We talked to Australia's star opener Justin Langer on all things cricket.
You sent in your questions and we put them to Justin.
Below is the transcript of our interview with the Aussie batting star.
As Australia are so good, how do you guys motivate yourselves without a real challenge?
One of the great motivators is knowing the extraordinary depth of talent in Australia. Therefore, from every individual's point of view they know they have to be on the top of their game, improving all the time, otherwise their position will be taken up by someone else who's waiting in the wings in Australia.
From a team point of view, when Steve Waugh took over the captaincy four years ago and John Buchanan when he took over the coaching, they urged the team to always be improving and to take the game to a new level, so there's always motivation.
We're also very proud playing for Australia and wearing the baggy green cap. Whilst some people might think it's hard getting motivated, it's actually very easy to want to play great cricket.
Daniel Crawford, London
Why do you think Australia are so far ahead of the rest?
I think a lot of it has to do with the way we're brought up and the system we play under. In Australia it's a very streamlined system, our domestic game is played to a very high standard. Therefore, to graduate through the grades from "A" grade cricket, then to domestic first-class cricket in Australia and ultimately through to Australian cricket, the players have to be the best of the best.
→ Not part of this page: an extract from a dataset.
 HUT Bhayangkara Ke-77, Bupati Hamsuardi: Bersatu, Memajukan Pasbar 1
Because it's such a tough, cut-throat competition at all levels, I think the players have to get better and improve all aspects of their game. So again, from an individual point of view, players are always looking for the edge and looking to develop their mental, technical and their physical game. With that, you have a constant improvement and a higher standard of players.
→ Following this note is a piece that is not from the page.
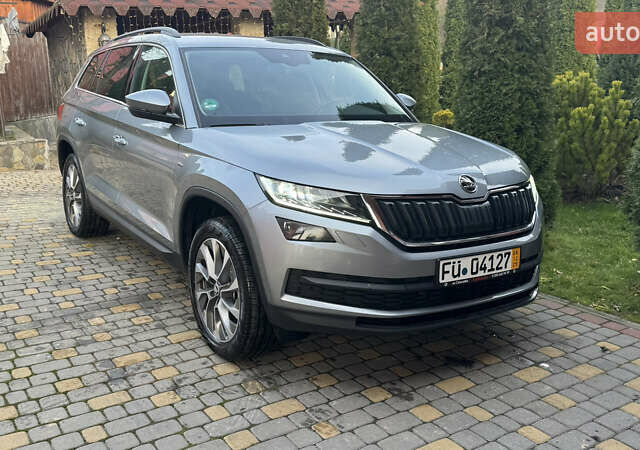 Серый Шкода Kodiaq, объемом двигателя 1.97 л и пробегом 141 тыс. км за 29999 $, фото 117 на Automoto.ua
In the Australian side, it'd be very rare for, say, a batsman to come into the side unless they're averaging at least 50 in first-class cricket. Whereas in other parts of the world players are playing Test cricket averaging 35 or 40. That doesn't really happen in Australia, so from a development point of view that's why we're such a good side.
Also, with this current side we have outstanding leadership through Steve Waugh and John Buchanan and a lot of good leaders in the team. We have a very high skill level and very high motivation because of the pride of playing for Australia and the rich history that comes with that.
Which country do you think can seriously challenge Australia and replace them at the top?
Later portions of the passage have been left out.